Crunch time: Artificial intelligence and objective analysis
19th June 2017
The 2016 Competition and Markets Authority (CMA) report found that ‘the legal services sector is not working well for individual consumers and small businesses.
These consumers generally lack the experience and information they need to find their way around the legal services sector and to engage confidently with providers’. Stating too that clients find it difficult to 'make informed choices because there is very little transparency about price, service and quality'.
The CMA encourages regulators to promote the use of independent feedback platforms to help consumers understand the quality of service offered by competing providers, and 'to facilitate the development of a dynamic intermediary market'.
However, the ‘so-called’ independent feedback platforms do not seem particularly independent. Savvy marketing managers will encourage satisfied clients to post reviews on the likes of Facebook and Google, rather than all clients. No lawyer who submits their credentials for review by the legal directories includes a client as a referee unless they are confident they will say something positive.
Some review websites are financed by law firm subscription fees and act as a tool for law firms to generate high rankings from satisfied customers only. Of the 151 law firms on Trustpilot, 142 have got four stars and above, out of a total of five stars. One has to wonder about the statistical robustness.
Other review services such as LegallyBetter are free to join, but the pool of law firms which participate is limited and so it does not provide potential clients with a comparison of all potential providers.

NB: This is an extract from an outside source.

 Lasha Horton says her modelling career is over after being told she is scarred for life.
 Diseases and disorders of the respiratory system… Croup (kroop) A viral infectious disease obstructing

A limitation of all the information provided by all these sites, and many law firms’ own websites, is the inability to identify whether the review relates to a similar area of legal advice.
A fund manager who is getting divorced may be looking for a divorce lawyer who has a track record with other financial services executives, but this specific experience may not be easy to spot on a typical website, LinkedIn profile (rarely updated), or a review website where there is no detail about the case.
I was recently looking for a planning lawyer and despite combing Google, numerous websites and the legal directories to check out the top ranked planning law firms, none provided any useful indication of whether a solicitor or barrister had any success in obtaining planning permission in similar circumstances (infill rural dwelling) as most touted their track record in large commercial developments. I could not help thinking that I might not be the only client who would find it useful to consult a database of planning law decisions to find the legal team with the best track record of success in this type of case.
While I am not aware that any such analysis is being done on planning cases, it has been done for the UK High Courts which handle just under 4,000 cases per year.
The US legal analytics company premonition.ai has recently released the UK High Courts Report 2017 covering the analysis of 12,000 UK cases for the years 2014, 2015 and 2016.
Toby Unwin, CIO and founder, makes the point that many of the firms who ‘tout their prowess … about Bitcoin, autonomous vehicles, and drone law, have never tried a case in any of these areas’. The Premonition algorithm, which reads 50,000 documents in less than a second, aims to provide General Counsel with a list of the law firms and barristers who have ‘tried such cases, the settlement amounts, and which judges ruled for which side’ – useful information indeed.
The report names those firms and barristers with the highest rate of success in each court – which seems to be just the sort of information that the CMA want to make widely available.
While artificial intelligence systems are starting to gain traction in the legal profession, they are currently only affordable for large corporates, but perhaps it will not be too long before the benefits of independent number crunching trickle down to smaller clients.